Muchos habrán notado el olor que despide el gas empleado en las cocinas. Ese gas es metano, y cualquier químico afirmará que el metano es inodoro. El olor que percibimos al abrir una llave en la cocina de gas es debido a la presencia de otra substancia llamada iso-amil-mercaptano. que se mezcla especialmente al metano para que se puedan advertir los escapes. Pues bien, la presencia de dicho mercaptano en el aire puede ser percibida incluso cuando la relación es de una parte de mercaptano por cinco mil millones de partes de aire. Es decir, que si en Kíev, por ejemplo, alguien dejara escapar casualmente a la atmósfera cien metros cúbicos de dicho mercaptano, al cabo de unas horas habría tal olor en las calles de Moscú, que los transeúntes se preguntarían, perplejos, de dónde se escapaba gas y por qué no tomaban medidas los equipos de reparaciones.
Reduciendo esas cantidades a gramos, resultará que nuestro olfato puede detectar 2·10–12 gramos de substancia. O lo que es lo mismo, dos billonésimas de gramo. ¡Una sensibilidad muy superior a la de cualquier reactivo químico! Estos ejemplos nos muestran palmariamente que el mundo de las cantidades ínfimas de substancias desempeña un papel colosal en la determinación de las propiedades de las grandes masas de otras substancias. Hemos aducido muchos ejemplos de cómo unos cuantos átomos de impurezas por miles de millones de átomos de la substancia básica modifican por completo las propiedades de ésta. ¡Los liliputienses vencen a Gulliver!
Todo lo expuesto acerca de las substancias extrapuras resultaría incompleto si lo tratáramos con más detalles del aspecto práctico del problema.

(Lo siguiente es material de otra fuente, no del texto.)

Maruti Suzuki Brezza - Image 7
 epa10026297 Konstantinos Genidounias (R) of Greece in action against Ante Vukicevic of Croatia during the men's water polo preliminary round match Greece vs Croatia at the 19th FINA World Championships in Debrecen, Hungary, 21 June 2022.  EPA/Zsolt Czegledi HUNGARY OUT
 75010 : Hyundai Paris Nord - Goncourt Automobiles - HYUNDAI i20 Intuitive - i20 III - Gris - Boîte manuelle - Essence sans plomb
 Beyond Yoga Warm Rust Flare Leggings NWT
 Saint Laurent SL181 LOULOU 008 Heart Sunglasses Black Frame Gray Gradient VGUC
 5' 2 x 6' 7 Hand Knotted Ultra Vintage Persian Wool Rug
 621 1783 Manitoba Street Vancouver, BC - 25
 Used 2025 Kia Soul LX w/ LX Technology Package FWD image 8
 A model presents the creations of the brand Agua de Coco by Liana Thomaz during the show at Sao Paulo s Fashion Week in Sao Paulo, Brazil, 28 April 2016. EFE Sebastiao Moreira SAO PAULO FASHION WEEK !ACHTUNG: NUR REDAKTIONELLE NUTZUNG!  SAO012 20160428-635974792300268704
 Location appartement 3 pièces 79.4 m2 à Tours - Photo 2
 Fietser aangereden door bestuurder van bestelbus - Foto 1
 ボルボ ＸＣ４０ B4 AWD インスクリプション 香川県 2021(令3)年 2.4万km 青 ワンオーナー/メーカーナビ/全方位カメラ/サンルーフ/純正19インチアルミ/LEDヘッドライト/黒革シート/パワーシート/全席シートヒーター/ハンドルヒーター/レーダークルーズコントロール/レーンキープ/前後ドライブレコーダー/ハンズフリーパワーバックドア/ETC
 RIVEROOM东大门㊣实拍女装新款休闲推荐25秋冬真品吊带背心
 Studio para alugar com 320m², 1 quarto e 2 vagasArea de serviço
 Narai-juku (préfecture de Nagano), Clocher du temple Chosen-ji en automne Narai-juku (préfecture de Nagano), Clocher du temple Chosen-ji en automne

Las grandes obras de las cantidades ínfimas de impurezas
Ha llegado el momento de que recordemos otra vez al lector el relato acerca del “negociante” Eugene O’Winstern.
En rigor, después de todo lo expuesto, el lector comprenderá ya la causa de que la columna de Delhi lleve miles de años en un clima tan caluroso y húmedo sin ser atacada por la corrosión. Los análisis del profesor Holl fueron ciertísimos: la columna de Delhi es de hierro absolutamente puro. Y en ese hierro, como ya sabemos, no hace mella la corrosión.
El enigma es otro: ¿cómo fue posible obtener hace tantos cientos de años una cantidad tan grande de hierro purísimo, cuando la obtención de un solo gramo del mismo en los laboratorios actuales se considera una tarea de extraordinaria dificultad? Sobra fundamento para suponer que el hierro de la columna de Delhi es de procedencia meteorítica. Lo más probable es que en tiempos lejanos cayera a la Tierra un meteorito constituido por hierro de pureza absoluta.